Niemiecka prasa o udaremnionym zamachu stanu. "Mogło się skończyć krwawą łaźnią"

Dzienniki w Niemczech komentują udaremniony zamach stanu, planowany przez prawicowych ekstremistów. Media podkreślają, że zaskakująco konkretne plany przewrotu to alarm dla demokracji.

"Sueddeutsche Zeitung" uważa: "Można by pójść na łatwiznę i uznać tych ludzi za nieszkodliwych dziwaków w myśl hasła: demokracja musi znosić takie typy. Ale to byłoby naiwne. Część z 52 oskarżonych, o których mówi się, że należą do organizacji terrorystycznej planującej zbrojną zmianę systemu, pochodzi z klasy średniej. Są wśród nich nauczyciele, lekarze i przedsiębiorcy. To ludzie, którzy w gruncie rzeczy powinni być filarami demokracji".

Jak dodaje dziennik, "ich ‘ramię zbrojne’ miało tylko tworzyć czołówkę nowej armii po przewrocie, ale najwyraźniej już wcześniej rekrutować żołnierzy i policjantów. (...) Prawicowe postawy w Bundeswehrze są zawsze niepokojące. Zadaniem polityków i dowództwa Bundeswehry jest trzymanie takich ludzi z dala od niej".

Więcej treści znajdziesz na stronie głównej Gazeta.pl >>>

"Mitteldeutsche Zeitung" z Halle pisze w podobnym tonie: "Obywatele Rzeszy nie powinni być traktowani przez społeczeństwo jako ludzie niespełna rozumu. Zapora przeciw prawicy musi zostać podniesiona".

"Choć cieszy fakt, że policji udało się aresztować kilkudziesięciu z tych, którzy planowali zamach stanu, niepokojące jest to, że grupa była w stanie uformować się bez przeszkód. Odpowiednie służby, od policji po Federalny Urząd Ochrony Konstytucji, muszą być lepiej wyposażone, aby mogły pracować szybciej i skuteczniej" - czytamy.

Zobacz wideo Jarosław Gowin na liście PSL? Kosiniak-Kamysz: Nie ma o tym mowy na dzień dzisiejszy

Niemcy. Udaremniono zamach stanu

"Volksstimme" z Magdeburga przestrzega: "Ci, którzy do tej pory traktowali tak zwanych Obywateli Rzeszy jako dziwaków i pomyleńców, ale w sumie raczej niegroźne ugrupowanie, muszą teraz zmienić swoje stanowisko w tej sprawie. Zakrojona na dużą skalę operacja władz ujawniła podejrzaną sieć terrorystyczną o skrajnie prawicowym i ekstremistycznym charakterze, napędzaną fantazjami o siłowym przewrocie w państwie i teoriami spiskowymi. To jest bardzo groźne".

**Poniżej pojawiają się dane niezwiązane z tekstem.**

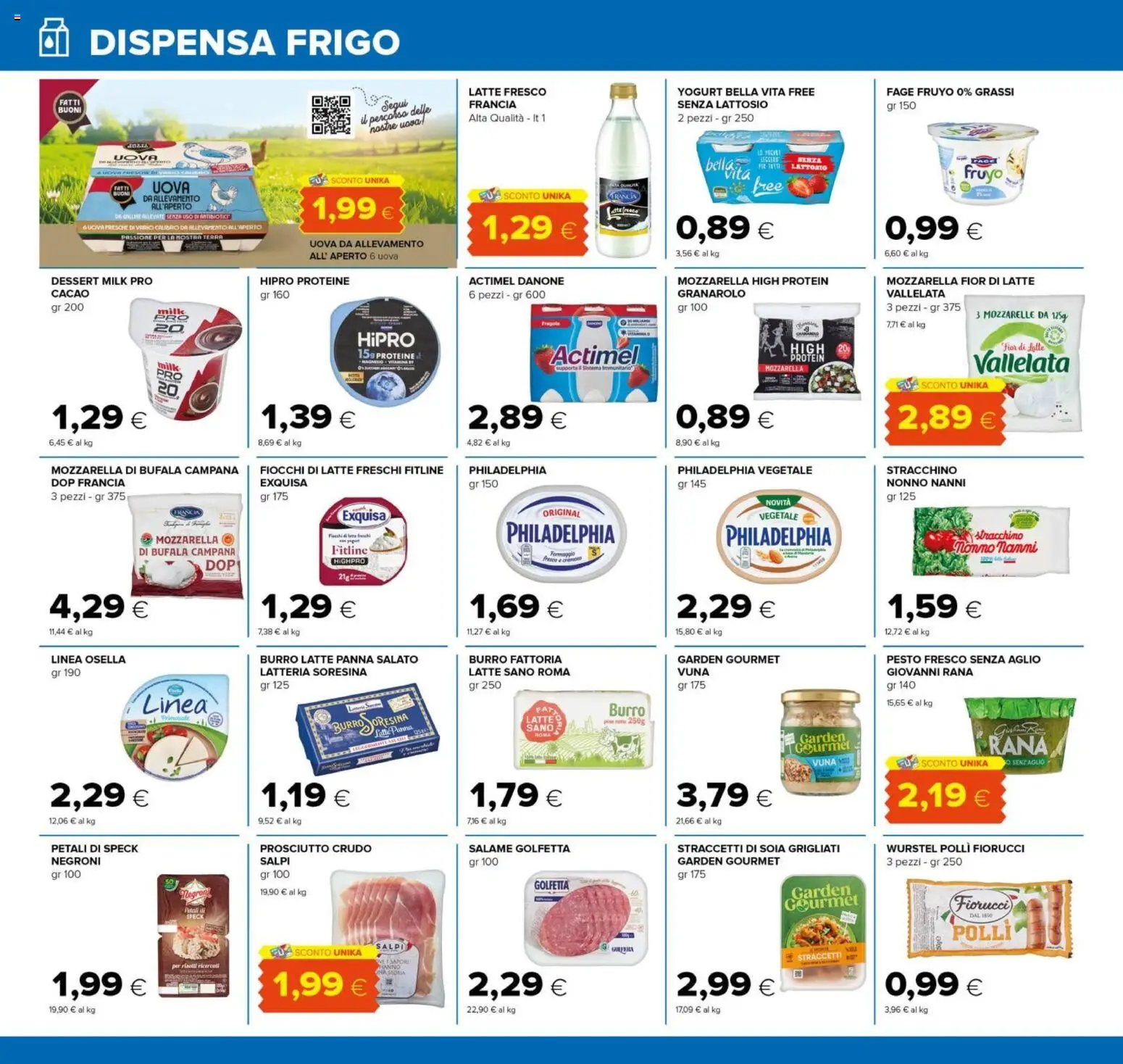 Volantino Tigre del 23.04.2026 | Pagina: 12 | Prodotti: Salame, Fiocchi di latte, Latte, Pesto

"Państwo pokazało, że potrafi się skutecznie bronić, o czym świadczy udana akcja policji. Teraz jednak trzeba całkowicie osuszyć to brunatne bagno. Wymaga to szczegółowej analizy tego, co się stało. Jak daleko były posunięte plany przejęcia władzy? Jak można było zbudować siatkę terrorystyczną, która najwyraźniej nie była obserwowana przez tajne służby? A to, że była posłanka do Bundestagu z ramienia AfD najprawdopodobniej należała do tej siatki terrorystycznej, jest kolejnym dowodem na antykonstytucyjne i antydemokratyczne tendencje w tej partii. To całkowicie słuszne, że Urząd Ochrony Konstytucji ma AfD na celowniku" - wskazuje gazeta.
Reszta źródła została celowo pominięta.